• Source information:

Segment Open

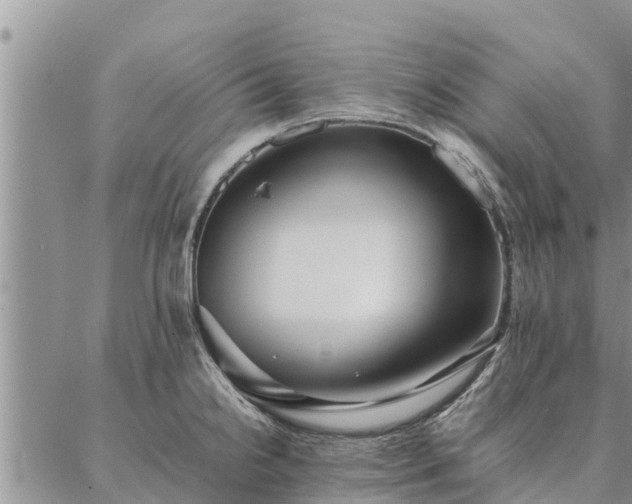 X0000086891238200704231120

Segment Closed
Segment Open

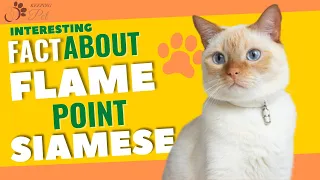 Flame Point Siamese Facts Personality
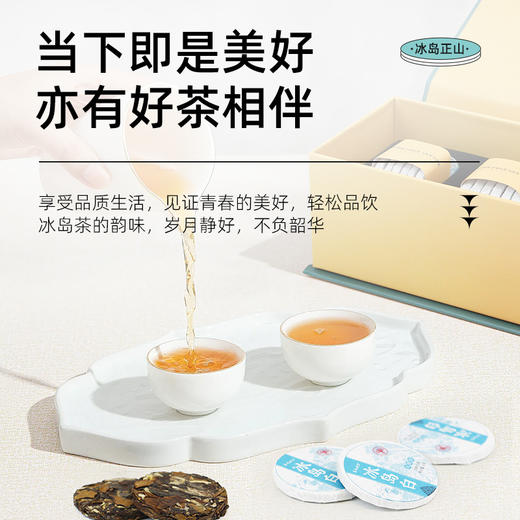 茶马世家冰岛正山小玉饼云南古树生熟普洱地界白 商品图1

Segment Closed
Segment Open

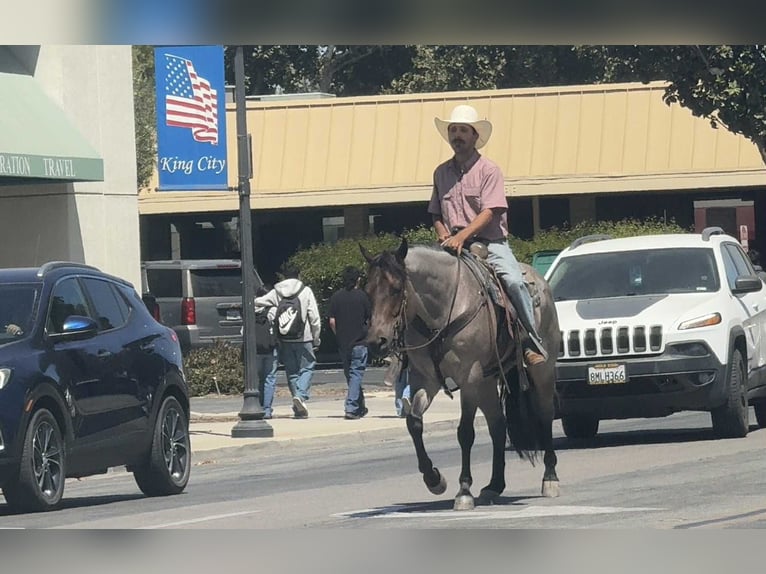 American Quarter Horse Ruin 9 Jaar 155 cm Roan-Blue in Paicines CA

Segment Closed

• Work request: Give again the stretch of lines above from the one with "Flame Point Siamese Facts Personality" through the one with "茶马世家冰岛正山小玉饼云南古树生熟普洱地界白 商品图1", both ends kept, and copy no pictures.

• Solution to this task:
 Flame Point Siamese Facts Personality
 茶马世家冰岛正山小玉饼云南古树生熟普洱地界白 商品图1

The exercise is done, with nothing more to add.